私ども人工内耳友の会[ACITA] (アシタ)は、「人工内耳」を装用するメンバーの集まりです。人生の半ばで何らかの病気やケガで重度難聴になられ、補聴器でも聞こえない聾の方々も、手術で内耳の中へ電極を埋め込めば、聴神経を直接刺激して聴覚が取り戻せるのです。

東京医科大学で当初、音と言葉を取り戻したい4人の装用者が情報交換の場を作り、1988年5月に16人でスタート。2013年6月に創立25周年を祝いました。アシタは、Association of Cochlear Implant Transmitted Audition(人工内耳を介した聞こえのつどい)の頭文字をとったものです。もちろん、日本語の「明日」、つまり未来への希望を忘れたことはありません。

この会の活動の目的は、医師や言語聴覚士、メーカー、諸団体と連携して、人工内耳装用者の福祉の充実と普及、会報での情報発信を進めること。全国的に人工内耳相談会を開き、9月9日を『人工内耳の日』と定めて啓蒙活動を行い、正しい理解と普及促進に努めています。

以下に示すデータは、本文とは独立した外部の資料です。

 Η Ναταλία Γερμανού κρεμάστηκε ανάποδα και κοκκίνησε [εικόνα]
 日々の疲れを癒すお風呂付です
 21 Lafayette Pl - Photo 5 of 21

また定期総会の懇談会では、聞こえの向上をめざして情報交換を行い、全国各支部でも啓蒙活動などを行っています。人工内耳装用者がアドバイザーとなり、自らの体験を通して再び音の世界に戻れた素晴らしい体験を語り、1人でも多くの方に聞こえの喜びを伝える活動も行われています。

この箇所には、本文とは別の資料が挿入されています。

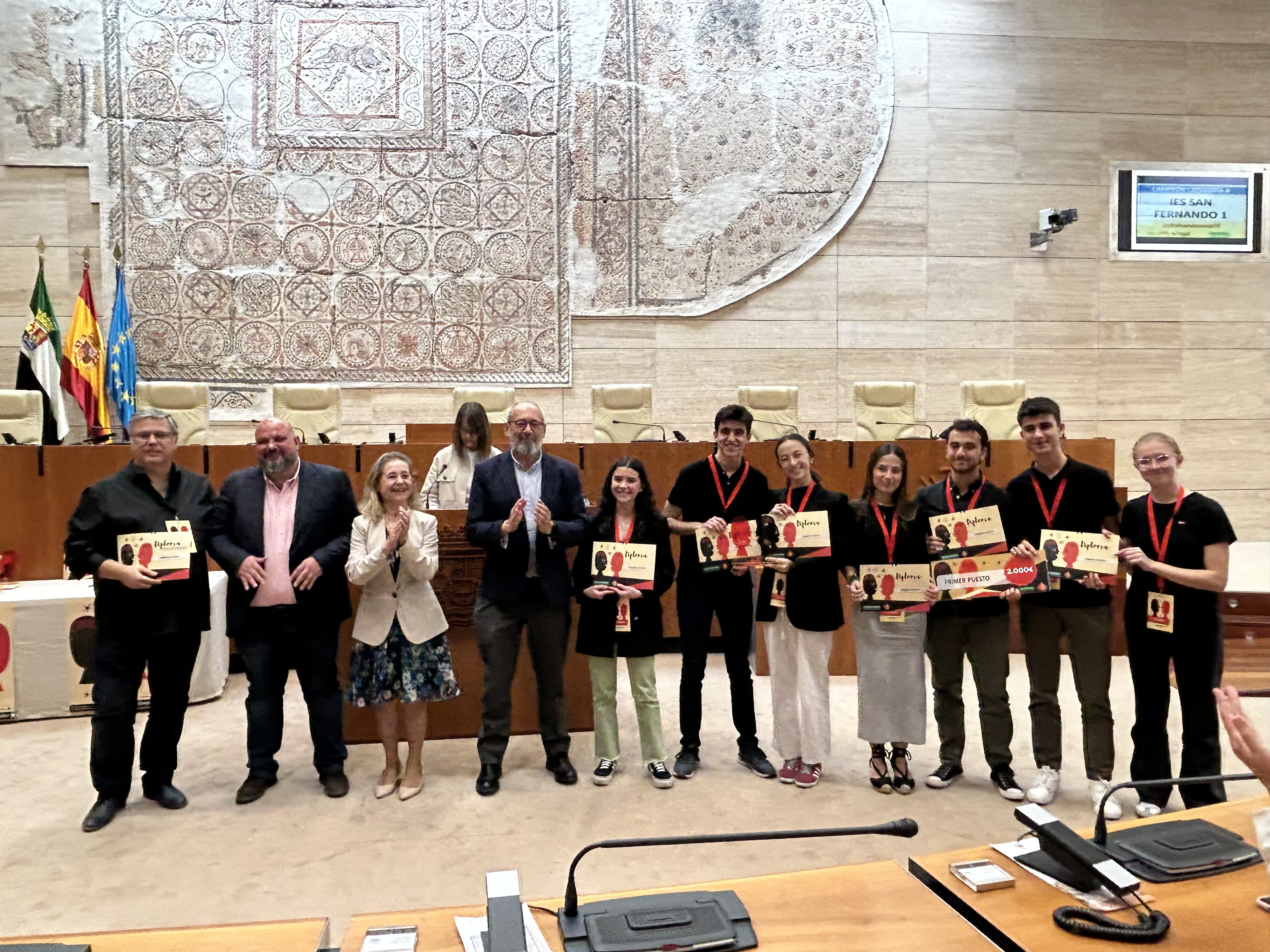 Dos institutos de Badajoz ganan el Concurso de Debate Escolar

いま正会員は1,000人を超えましたが、実際に装用されている方は7,000人以上と推定されています。失聴して諦めていた電話や音楽、孫とのおしゃべりなど、装用してから音や言葉が蘇ったことによるQOLの向上は言うまでもありません。

人工内耳を装用したからといって、すぐ話し言葉がすべて聞こえるわけではありません。聞こえの向上には会話や朗読、ラジオや世の中の様々な音を聞くなど、言葉が理解できるまでに半年から2年くらいのリハビリテーション(訓練)が必要です。しかし聞こえるようになっても、1年に1~2回のMAP(プログラム)調整なども欠かせません。ただし、聞こえ方は人により千差万別です。

人工内耳の適応基準は、聴力レベルが成人、小児(1歳半以降)それぞれ90dB以上で、補聴器を使用してもはっきり聞こえず、言葉が理解できないこと、となっています。近年は先天性聴覚障害のある乳児の装用が増え、また成人・小児とも両耳装用者も増えて聞こえの向上が高まってきています。